OTP26 `erlang:port_command` breaking change?
mkuratczyk opened this issue · 4 comments
Describe the bug
OTP26.0-rc2 includes a change that optimises erlang:port_command
. This change, while certainly appreciated!, breaks applications that are using erlang:port_command
as a workaround to the issue of selective receive in gen_tcp
as explained in https://github.com/rabbitmq/rabbitmq-server/blob/main/deps/rabbit_common/src/rabbit_writer.erl#L388-L405. RabbitMQ can't handle any connections if started on OTP26 (of course at this point we are not declaring it as OTP26-compatible, so users shouldn't do that, but we are looking for a way to ship releases that would work on both 25 and 26 and a compile-time check is insufficient here).
Using erlang:port_command
like that might be considered unsupported, but we know it's at least:
RabbitMQ
emqtt
Erlang PostgreSQL Database Client
Therefore, this is a breaking change for at least some applications out there.
We'd appreciate some help or guidance how to resolve this.
- Is the whole
erlang:port_command
instead ofgen_tcp:send
a performance myth that should be retired? - Can
erlang:port_command
in OTP26 be made backwards compatible, so that apps like the above still work? - If not, I guess at least it should be added to the Potential Incompatibilities list
To Reproduce
side note: the following test case was written by AI :)
-module(send_tcp).
-export([start/0]).
start() ->
{ok, Socket} = gen_tcp:connect("localhost", 3456, [binary, {packet, 0}]),
erlang:port_command(Socket, "Hello from erlang:port_command"),
gen_tcp:close(Socket).
This exits with einval
(I have nc -l 3456
running in another terminal):
1> send_tcp:start().
** exception exit: einval
Expected behavior
Ideally: erlang:port_command
would be backwards compatible, while still optimised, but I guess that's not an option
Alternatively:
- It'd behave the old way in some cases (backwards compatible, but not optimised in some cases?)
- Backport the optimisation to OTP25 so that the updated code works well with older OTP versions
- Mention this change in the potential incompatibilities list
Affected versions
OTP26.0-rc2 and newer
the commit that changed the behaviour: f17f802#diff-86e7e31a3a23b92ea754ad259d8ffd6eb347deb522218fae1803878bf9d15e8b
Additional context
slack thread:
https://erlanger.slack.com/archives/C055DJA49/p1681483290185709
This change does not change port_command()
at all. This is a change in the internal protocol between prim_inet
and the inet-driver which also is completely backwards compatible. I don't see why it should be mentioned as being incompatible when it is not. Misusing the functionality by issuing port_command()
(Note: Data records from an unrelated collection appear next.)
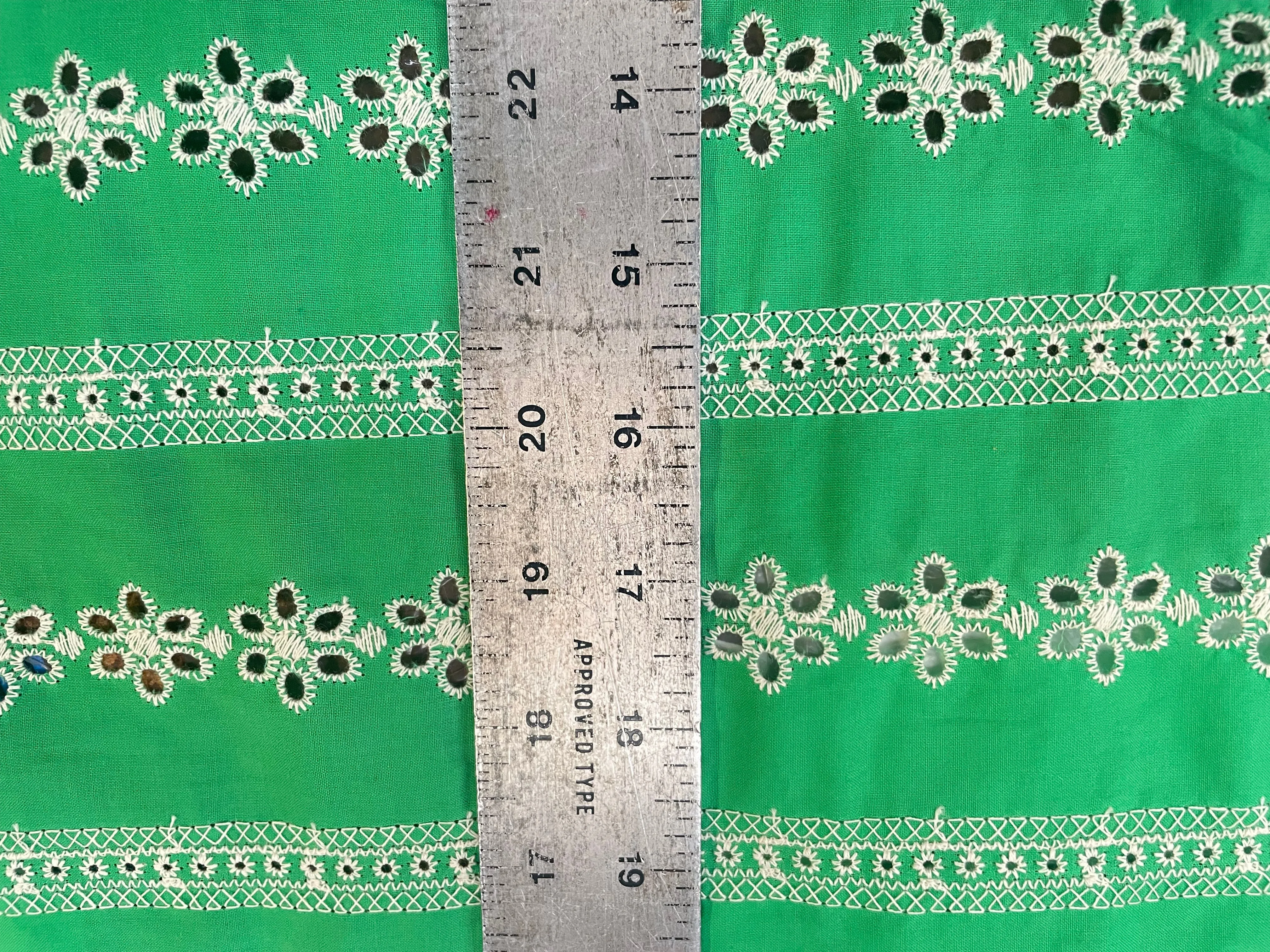 Eyelet Floral Stripe Embroidered Cotton - Green & White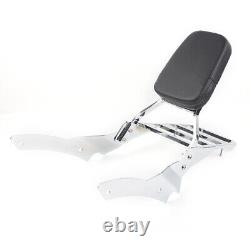 Backrest Sissy Bar+ Luggage Rack Fit Yamaha V Star DS 400 650 Custom drag star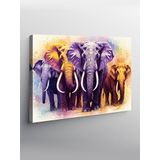 Tablo Mega Kanvas Tablo Renkli Fil Sürüsü YTCNVS502737, 50 x 70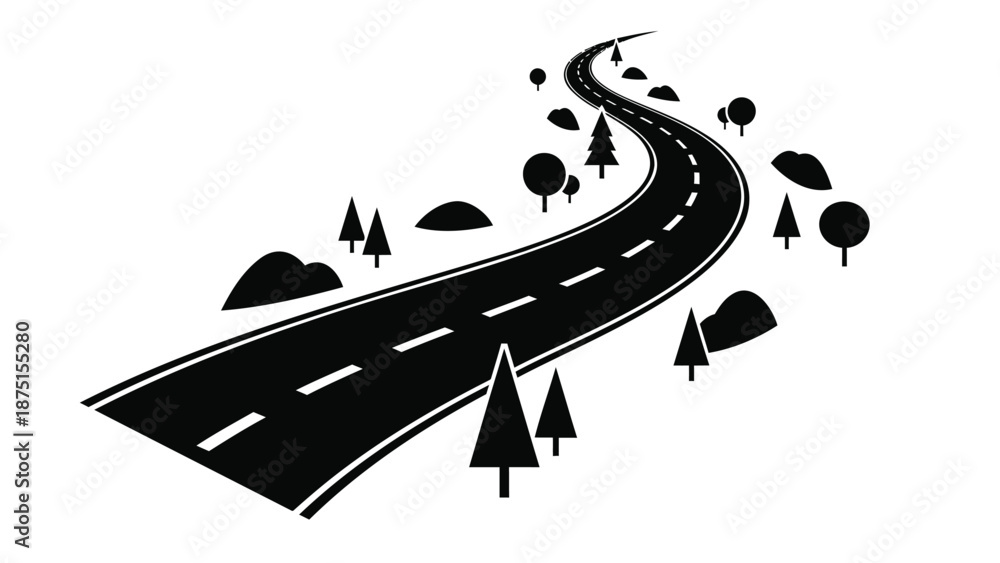 A black and white illustration of a winding road with trees and hills ...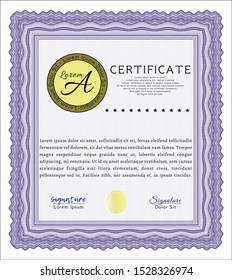 Violet Certificate or diploma template. With quality background. Customizable, Easy to edit and change colors. Money style design. 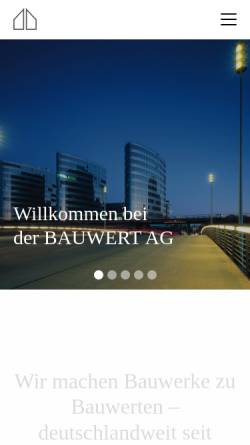 Vorschau der mobilen Webseite www.bauwert.de, Bauwert Investment Group GmbH & Co. KG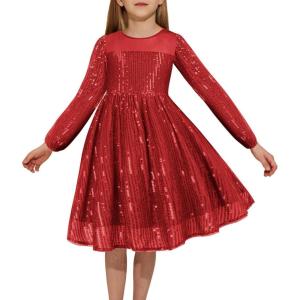 GRACE KARIN Girl Sequin Party Dress Formal Birthday Pageant Fancy Prom Mesh Dresses for Teen Girl 6-14Years(Red)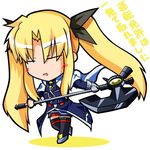  bardiche belt blonde_hair cape chibi closed_eyes coat fate_testarossa gauntlets kajun long_hair lowres lyrical_nanoha magical_girl mahou_shoujo_lyrical_nanoha_strikers single_gauntlet solo thighhighs translation_request twintails 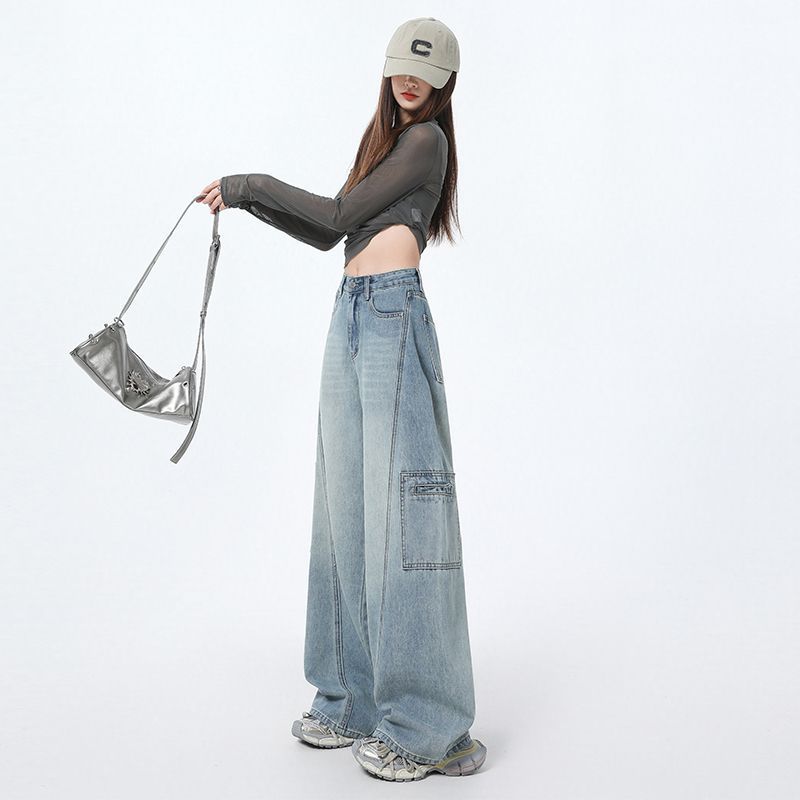 High Street Workwear Wide-leg Jeans for Women In Spring and Autumn New High-waisted Slimming Loose Straight Pants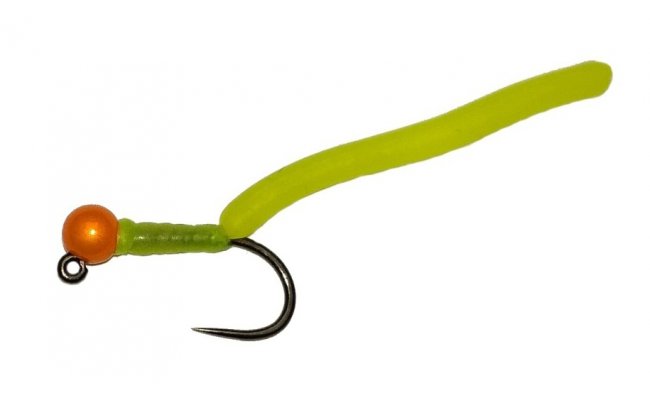 Squirmy Wormy Orange Head Chartreuse Glow Jig Squirmy Wormy Orange Head Chartreuse Glow Jig, Size 12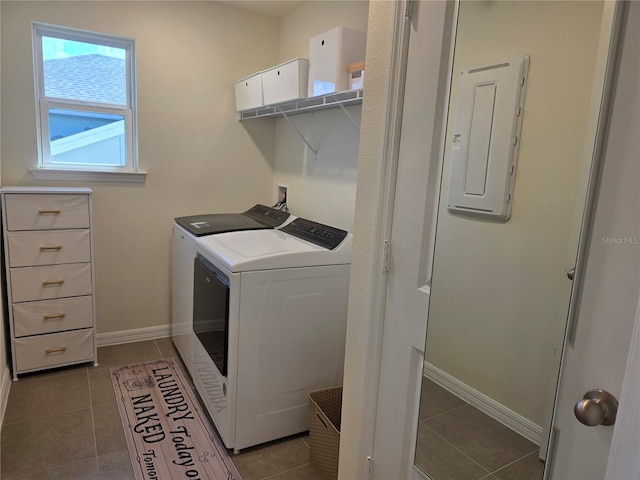 1764 Stamen Dr, Kissimmee, FL 34744 - washroom with laundry area, washing machine and clothes dryer, electric panel, and tile patterned floors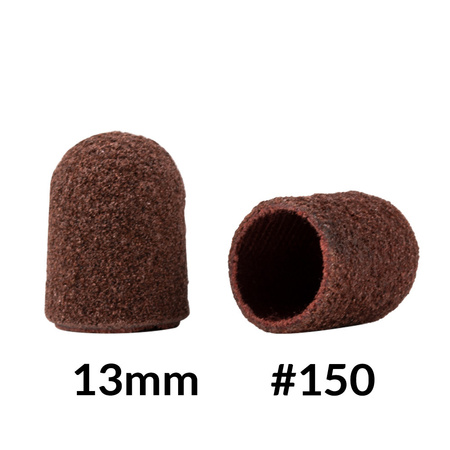 Capuchons abrasifs pour pédicure avec insert en coton, 13 mm, grain 150, marron, AlleMed, 10 pièces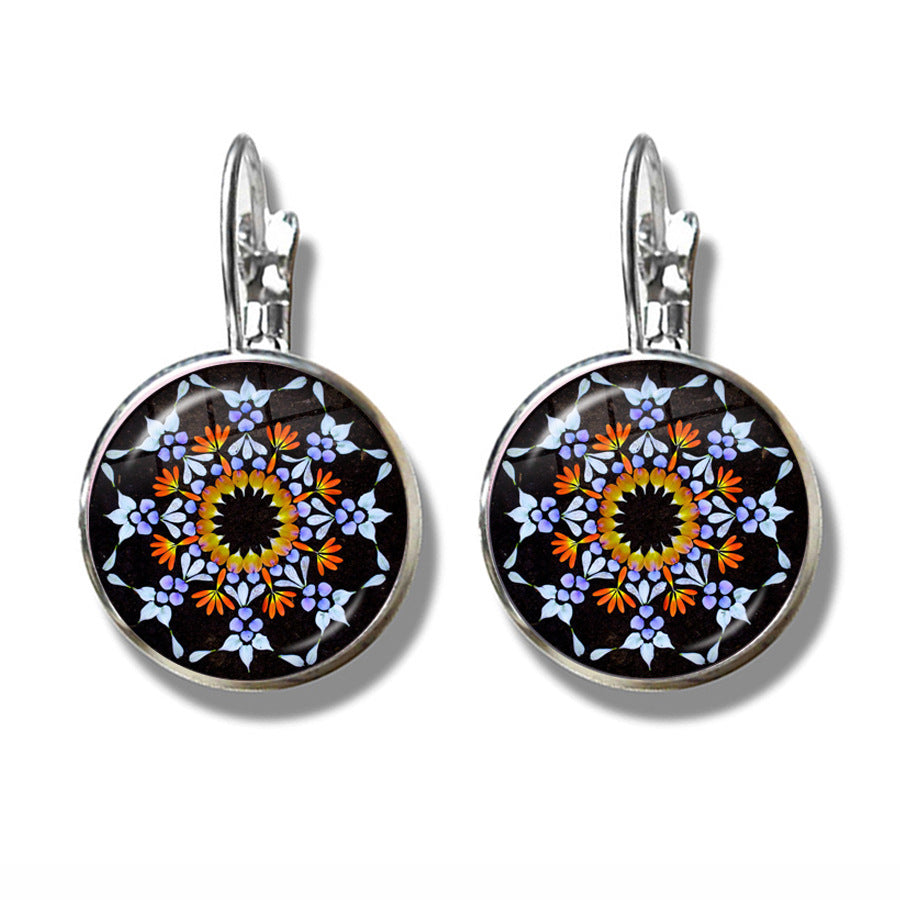 Mandala Art Picture Earrings Crystal Yoga Earrings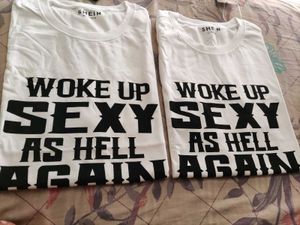 SHEIN Woke Up Sexy As Hell Again T-Shirt pack of 2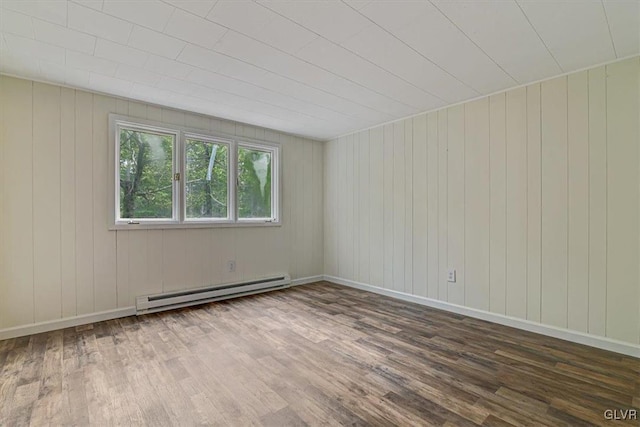 unfurnished room featuring wood-type flooring, baseboard heating, and wood walls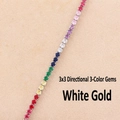 Collier tennis arc-en-ciel fini or blanc avec zircons ronds multicolores - Zircon Arc-en-Ciel Positionné (3mm) - Plaqué Or Blanc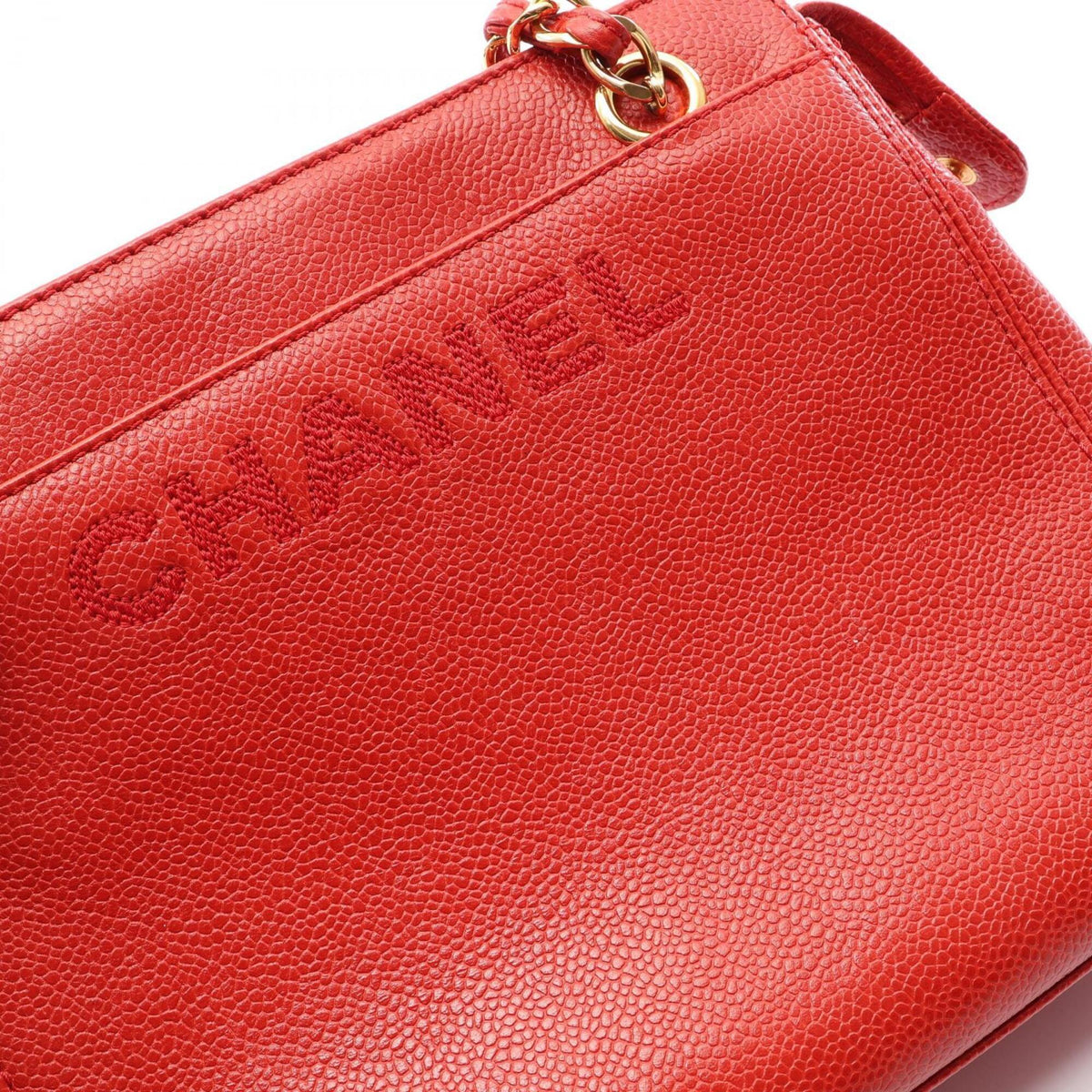 Chanel Red Color Grained Calfskin Handbag Shoulder Bag (Pre-Owned)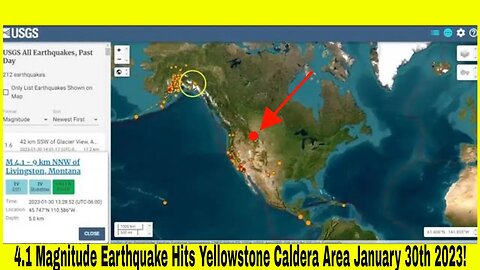 4.1 Magnitude Earthquake Hits Yellowstone Caldera Area January 30th 2023!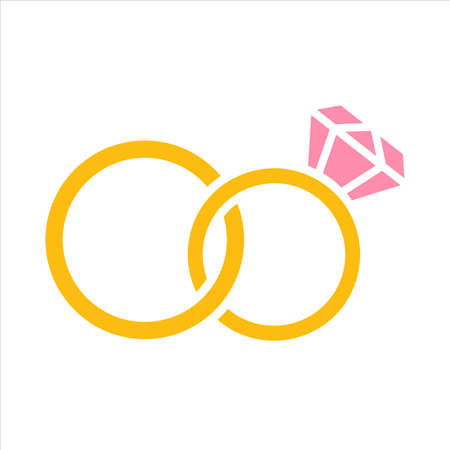 Vector diamond ring Two gold rings are related on the day of the wedding.のイラスト素材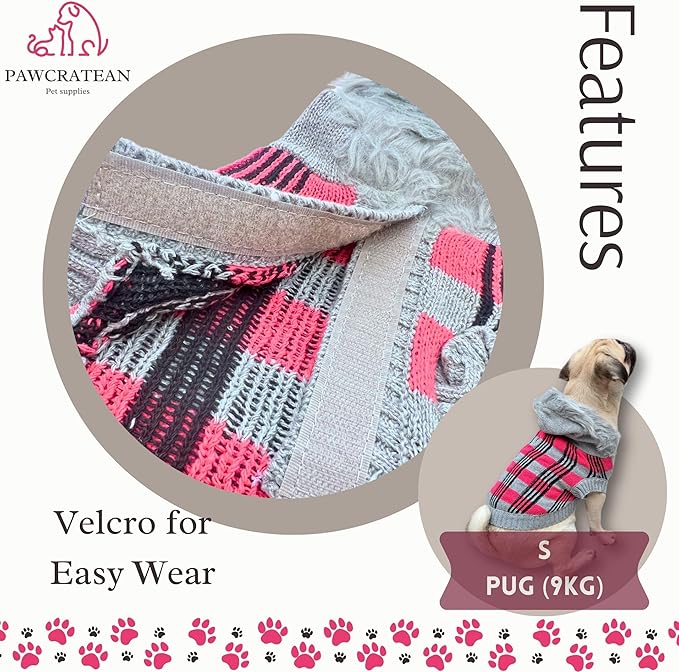 Cute Sweater for Dogs and Cats Soft Flannel Pet Outfit Warm and Cozy Animal Hoodie Small to Large Pet Clothes for Halloween Parties and Everyday Wear (Small, Pink Checkered with Hat)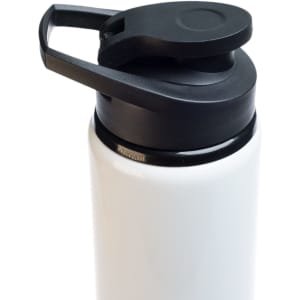 A drink bottle with a white body and a black free flow lid, featuring a sturdy handle and a logo.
operations like that on your own is not supported.
We'd appreciate some help or guidance how to resolve this.
How about?
Rel = list_to_integer(erlang:system_info(otp_release)),
F = if
Rel >= 26 -> fun gen_tcp:send/2;
Rel < 25 -> fun workaround_module:send/2
end,
persistent_term:put(gen_tcp_send_workaround, F).
In epgsql
direct port call was implemented (the idea was borrowed from RabbitMQ) because epgsql
tends to accumulate a large message queue (due to active=true
by default). And pre-OTP26 gen_tcp:send
had a performance issues when the process calling it has a long message queue.
I think in epgsql
we will use -if(?OTP_RELEASE >= 26). ... use normal gen_tcp:send -else. ... use port_command ... -endif.
.
However even on pre-OTP26 gen_tcp:send
should become less of a problem, since we now support active=N
mode
Thanks for the suggestion with persistent_term
. We've been testing it since yesterday and it does the trick and we can't find any measurable cost of this lookup.
I'm happy to close the issue. I hope not too many apps will be in a similar position when upgrading to OTP26. We certainly need to update the network-related parts of RabbitMQ as they are 10+ years old for the most part.